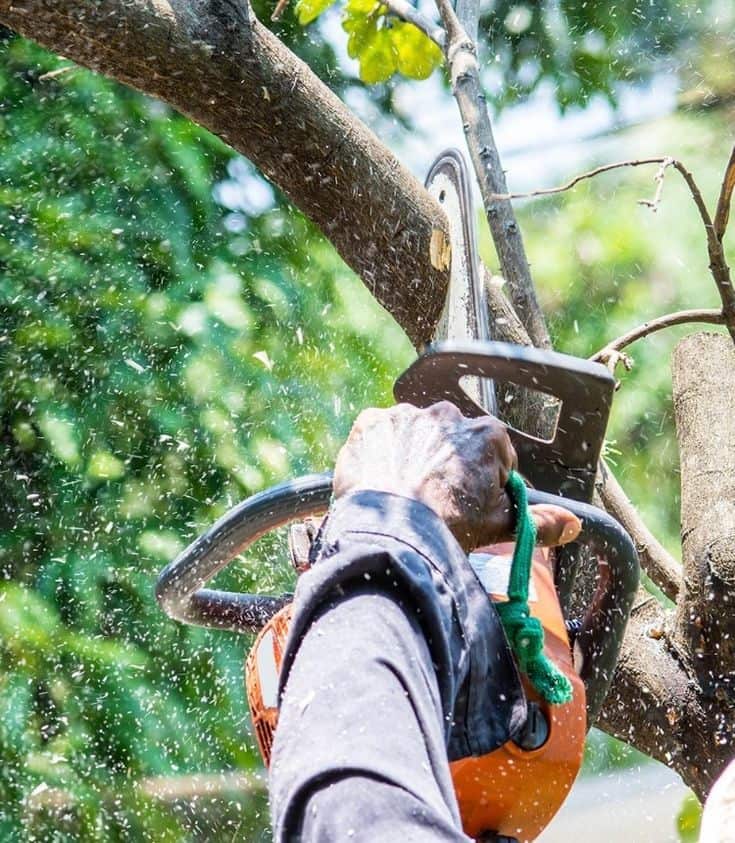 Heartwood Tree Care lead arborist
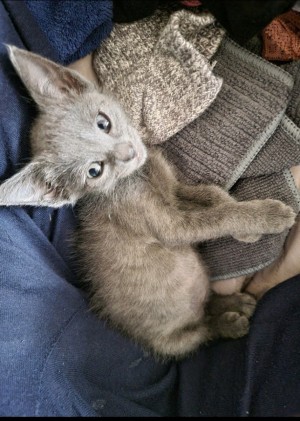 Photo of Mali Bleu Cashmere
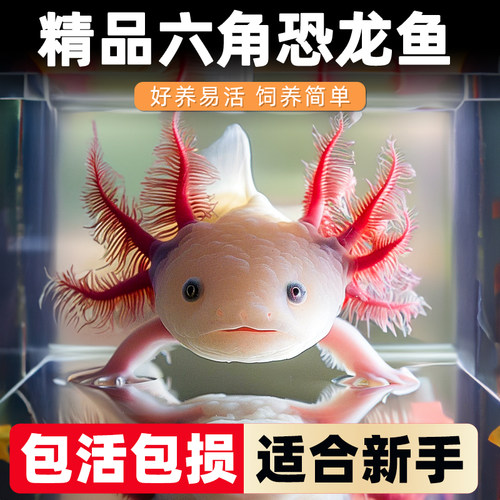 六角恐龙鱼冷水鱼观赏鱼蝾螈美西螈活体六角龙淡水好养易活宠物鱼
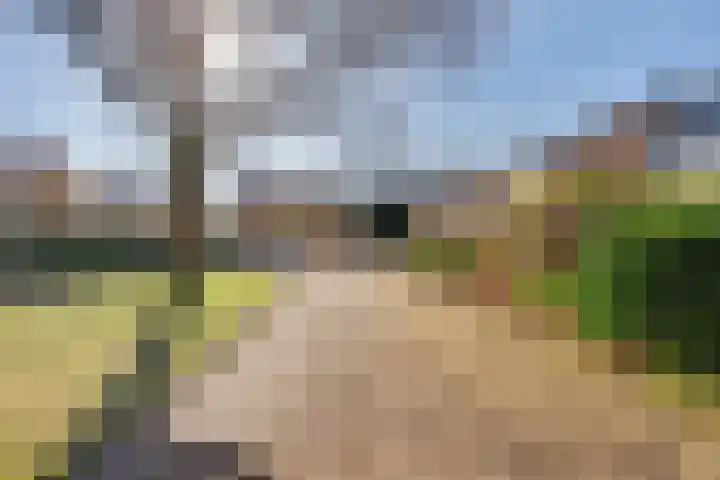 Ter Hooge 25 Almelo thumbnail 37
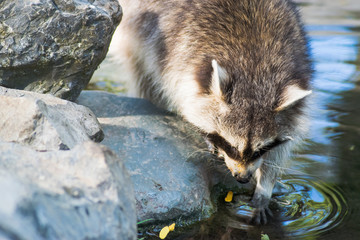 Some raccoons play outside by the water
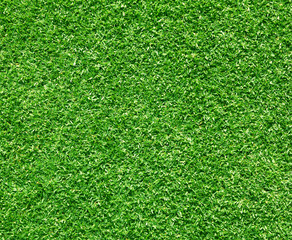 Obraz premium Grass background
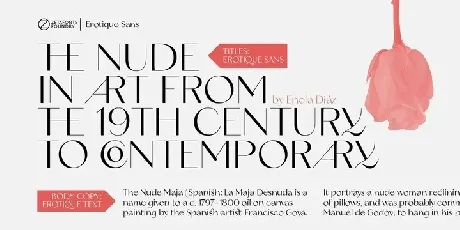 Erotique Sans Serif Demo font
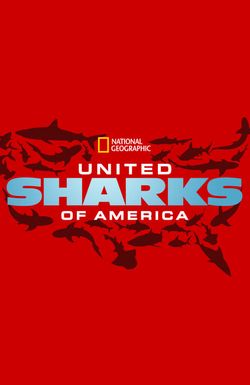 United Sharks of America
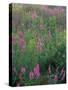 Purple Loosestrife, Invasive Alien Plant, Portsmouth, New Hampshire, USA-Jerry & Marcy Monkman-Stretched Canvas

Exercise details » Print the data above in full and exactly as it appears, skipping the pictures.

Exercise response »
 Heartwood Tree Care lead arborist
 Photo of Mali Bleu Cashmere
 六角恐龙鱼冷水鱼观赏鱼蝾螈美西螈活体六角龙淡水好养易活宠物鱼
 Ter Hooge 25 Almelo thumbnail 37
 Some raccoons play outside by the water
 Obraz premium Grass background
 Erotique Sans Serif Demo font
 United Sharks of America
 Purple Loosestrife, Invasive Alien Plant, Portsmouth, New Hampshire, USA-Jerry & Marcy Monkman-Stretched Canvas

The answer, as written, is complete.